Montevergine, balli e preghiere sulla neve per la “juta dei femminielli”
Neve e castagnette, canti popolari e fede. In migliaia hanno sfidato il gelo dell'Irpinia per arrivare al santuario di Montevergine, sulla cima del Partenio, celebrando la Candelora e rinnovando il rito della juta dei femminielli, devoti a Mamma Schiavona sulla scia di una leggenda antica: era il 1256, omofobia ante litteram, due giovani omosessuali furono legati a un albero e abbandonati al gelo. A salvarli, si racconta, la Madonna di Montevergine, "che tutto concede e tutto perdona". Così, ogni anno il 2 febbraio la comunità Lgbt arriva qui al suono delle tammorre, pronta a intonare canti devozionali in dialetto in una cornice di assoluta suggestione. E' accaduto anche sabato: il pellegrinaggio che imbarazza la Chiesa, che in passato ha provato invano a ridimensionarlo, è soprattutto un atto d'amore e d'inclusione, il grido d'orgoglio di un popolo festoso di fedeli infreddoliti ma calorosi, l'appello a una fede che non giudica, ma accoglie. Un rito che richiama peraltro le processioni dei Coribanti, i preti eunuchi di Cibele, la grande madre nera, cui i sacerdoti - diversi secoli prima di Cristo - offrivano il loro sesso in dono per rinascere con una nuova identità. Corsi e ricorsi.
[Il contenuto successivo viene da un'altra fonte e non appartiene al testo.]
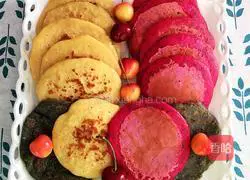 Illustration of how to make banana, dragon fruit and black sesame waffles 6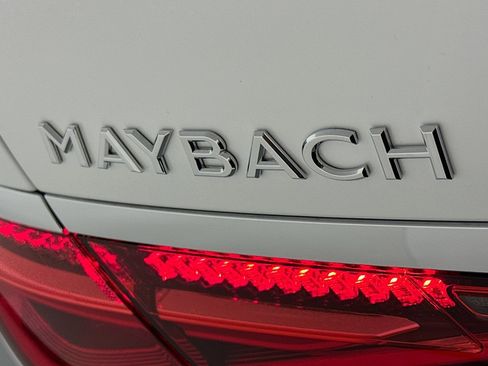 New 2026 Mercedes-Benz Maybach S 580 4MATIC image 9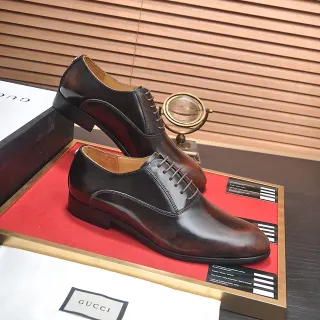Gucci Polished Brown Cap-Toe Oxford Shoes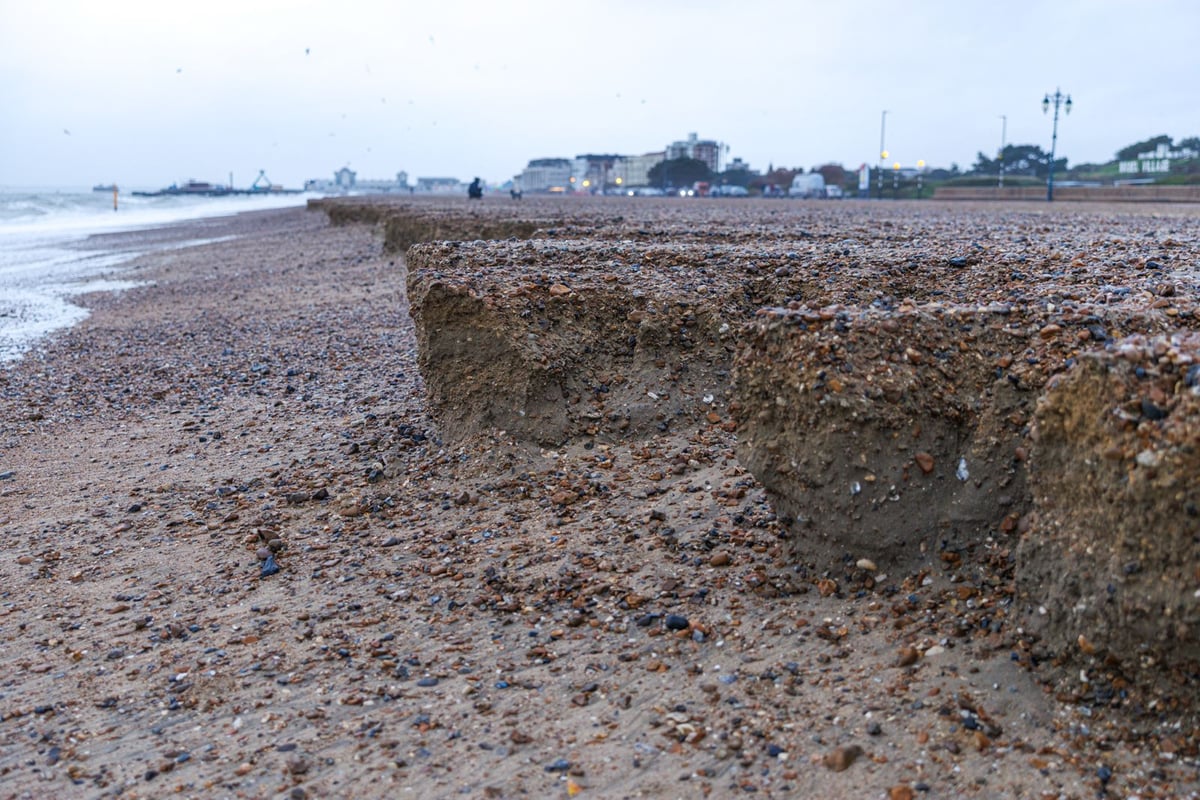 Intriguing mini 'cliffs' of shingle left on Southsea Beach as new sea defences take a battering
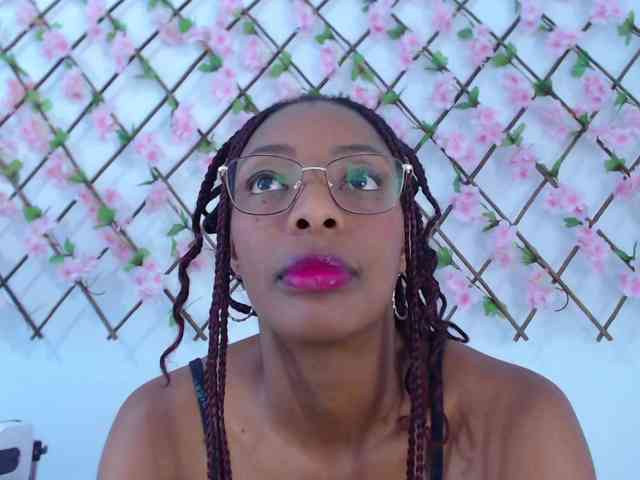 tiffany-gomez9 webcam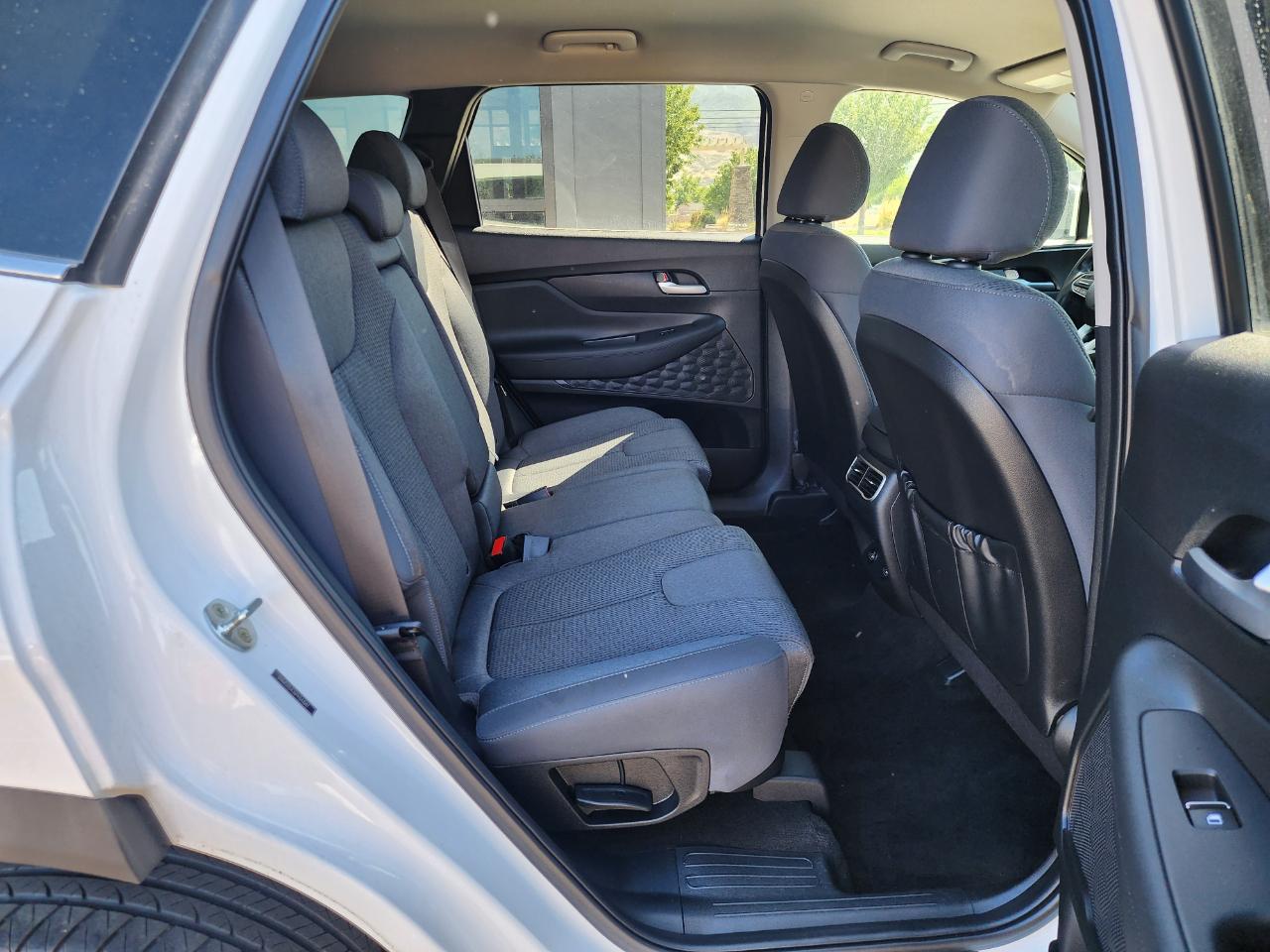Hyundai Santa Fe SEL AWD 2023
Candele e travestimenti, folklore e religione si intrecciano oggi in una tradizione che ha richiamato ancora una volta Luxuria e Marcello Colasurdo, tra i più noti cantanti folk, una vera e propria icona per la galassia LGBT. Presenti entrambi al cospetto, in un sabato di allegria e devozione, al cospetto della Madonna nera di Montevergine, tra rivendicazioni politiche e preghiere struggenti, rigorosamente cantate, mentre tutt'intorno - su un soffice manto di neve bianca - prendeva forma al ritmo di tammorre e castagnette la contagiosa festa collettiva dell'integrazione.